The July/Aug 2007 issue of Foreign Affairs contains Daniel Markey's A False Choice in Pakistan. It is a clear-eyed assessment of Pakistan - and US options going forward. I highly recommend it. I don't necessarily agree with everything - Markey's analysis has no place for non-Army actors and I am not entirely satisfied with his reading of Army's role in Pakistani civil society, and I think that skews his conclusion a little - but this is the sort of advice I hope our politicians are basing their policy on [Hint: Obama - whose essay, Renewing American Leadership, also appears in the same issue. Also, can we blame Obama for The General's bail-out from the jirga?].
M.I.A.'s new album Kala [link will cause blindness] is A for Awesome [so far]. Thanks to moacir, for showing me Jimmy with its R. D. Burman/Disco Dancer inspired goodness (Jimmy/Come back Jimmy/When you go Rwanda Congo/take me on ya genocide tour/take me on a truck to Darfur/take me where you would go can only be the ultimate come-on for loving that makes one crazy)
Over the weekend I intend on introducing Daniel Markey to M.I.A. Then, we shall get somewhere. CM will be returning to both of these - in greater detail - in the not so distant future.
From the Markey article: If members of the Pakistani army and the Inter-Services Intelligence (ISI) retain ties to militant groups, including Taliban sympathizers, they do so as a hedge against abandonment by Washington. Either Markey is talking completely out of the wrong orifice, or the Pakistani military/intelligence establishment is a completely unreliable ally. Is there any other way to read this?

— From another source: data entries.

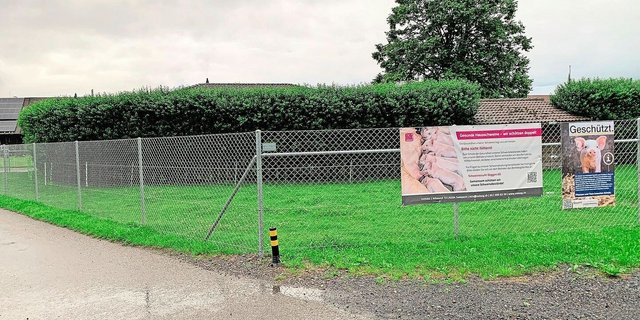 Um eine Einschleppung des ASP-Virus in den Schweinebestand zu vermeiden, gilt es, das Betriebsgelände zu umzäunen.  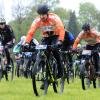 Die Bierzeltgarnituren im Start-Ziel-Bereich des Auerberg-Mountainbike-Marathons in Kaufbeuren blieben zusammengeklappt. An ein gemütliches Beisammensein war am Sonntag wahrlich nicht zu denken. Unaufhörlich tröpfelte es vom Himmel, mal weniger stark, meist aber in beachtlichem Ausmaß. „Wir sind froh, dass das Rennen überhaupt stattfinden konnte“, sagte Organisator Sascha Braun angesichts der bescheidenen Witterungsbedingungen. Rund 470 Anmeldungen hatte er bis zum Sonntagmorgen entgegengenommen, knapp 300 Finisher waren es letztlich. Eine sehr erfreuliche Anzahl, wie er sagte.

Mehr über das Thema erfahren Sie in der Montagsausgabe der Allgäuer Zeitung, Ausgabe Kaufbeuren, vom 13.05.2019.

Die Allgäuer Zeitung und ihre Heimatzeitungen erhalten Sie
in den jeweiligen AZ Service-Centern
im Abonnement
oder digital als e-Paper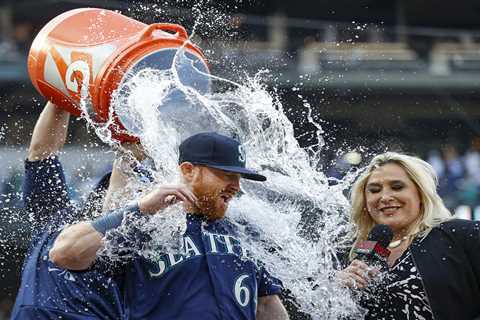 Mariners broadcaster explains why she used AI for formulating question in viral video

It's like liveblogging..... I'm reading the article, and I can't help but feel a little uncomfortable with the question of agency. I'm two-thirds of the way through it, and it seems like he's arguing that the Pakistani military establishment is going to the highest bidder, and the Administration strategy of throwing money at the problem (and they say Dems are "tax and spend"?!) is actually the smartest way to deal with a military/intelligence establishment which has no fundamental strategic interests outside of its own security and prosperity.
OK, I got to the end. Call me thick, but I'm not sure how you thread the needle he's laid out, where nothing the US says critical of Pakistan is productive, but what the US needs to do is criticize the right elements to get Pakistanis to do the right thing in spite of being told "do whatever"....

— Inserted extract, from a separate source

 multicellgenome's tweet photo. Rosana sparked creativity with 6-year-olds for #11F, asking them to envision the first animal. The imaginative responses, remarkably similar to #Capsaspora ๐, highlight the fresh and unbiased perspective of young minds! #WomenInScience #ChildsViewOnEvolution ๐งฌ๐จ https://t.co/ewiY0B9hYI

Sepoy: I can see where you're going with this-- to a point. Initially I wouldn't have thought that M.I.A. would be able to influence Markey or vice versa, but the fact that she has started to sing some lyrics in Hindi shows a growing interest in the northerly part of the Subcontinent. At the same time, I don't know if she's speaking a 'language' that Markey 'understands.'
Okay, I have just listened to 'Jimmy' 10+ times and I'm starting to get what she's doing here. At first I thought M.I.A. using a song from Disco Dancer and singing in Hindi was a shrewd mass-marketing move geared toward her growing international Desi base. But now I realize the connection you are making: Could it be that by singing in Hindi she is actually addressing the General himself, and requesting that he come ("aa jaa, aa jaa, aa jaa" to the table and talk to 'M.I.A.'-- not she herself, but her persona, which represents a multicultural transnational citizenhood?

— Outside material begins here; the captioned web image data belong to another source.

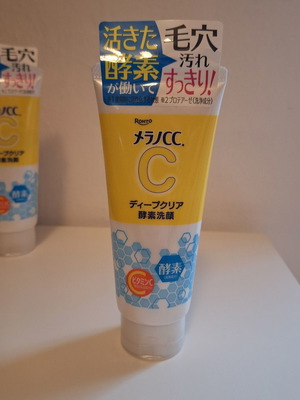 Rohto Melano CC Deep Clear Enzyme αφρός καθαρισμού προσώπου
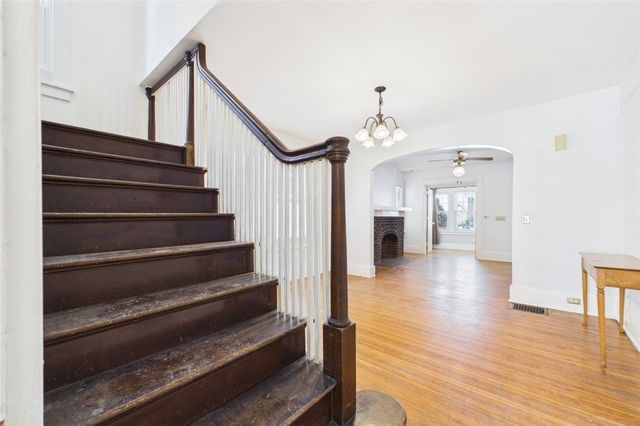 115-117 Genesee Park Blvd, Rochester, NY 14611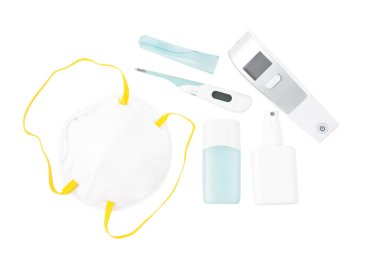 Mikrop korumalı Coronavirus veya covid19 ve jel alkolü veya el dezenfektanı şişesi takmak için maske, Clipping Path ile izole edilmiş doktorlar ve hastaneler için ateş gözlemi.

Listened to 'Jimmy' 5 or 6 more times and now I am less convinced by my previous argument. Frankly, I'm not so sure that the Jimmy in the song is meant to be a military dictator, but rather some kind of NGO relief worker 'everyman,' whom she is requesting to return 'home' where he is needed, in other words, Jimmy is that concerned international citizen who is wasting his time trying to fix things in Darfur, etc., and who had also better cast a watchful eye on what's going on in the domestic sphere. Now the question to answer is who is the interlocutor making this request of him? Sepoy, I wonder if you are slyly suggesting in your post that the narrator or 'I' character in the song is not M.I.A. herself, but rather a figure occupying a domestic sphere defined by Pakistan, such as Musharraf himself, hence your title Kala General, by which you do not mean that the General is black, but that he is semiotically connected to M.I.A.'s new album Kala. Alternatively, perhaps 'Jimmy' is intended to be BB and 'I' is Musharraf. This would explain the reference to static on the satellite phone of 'Jimmy.' Thence Markey's need to engage with this argument if he is to understand the factor of civil society in Pakistan.
If you weren't already on CM payroll, I would hire you in an instance. Top $$s. The only thing I would add is that Markey also needs the Sholay-Disco Dancer-MIA connection. Sholay is where Markey is currently stuck in [Gabar Singh = al Qaeda, Thakur = US, Jai/Veru=Civil/Military forces in Pakistan]. Rest is easy.
Farangi | August 08, 2007
Have you guys heard MIA's cover of Zeppelin's "Kashmir?" I think there's a whole statement being made her about the interdesi phenomenon and its relationship to post-imperial Asia, as well as the Colonial guilt that keeps hillbillies like me up at night. Can we get back to the foreign affairs article k plz thx.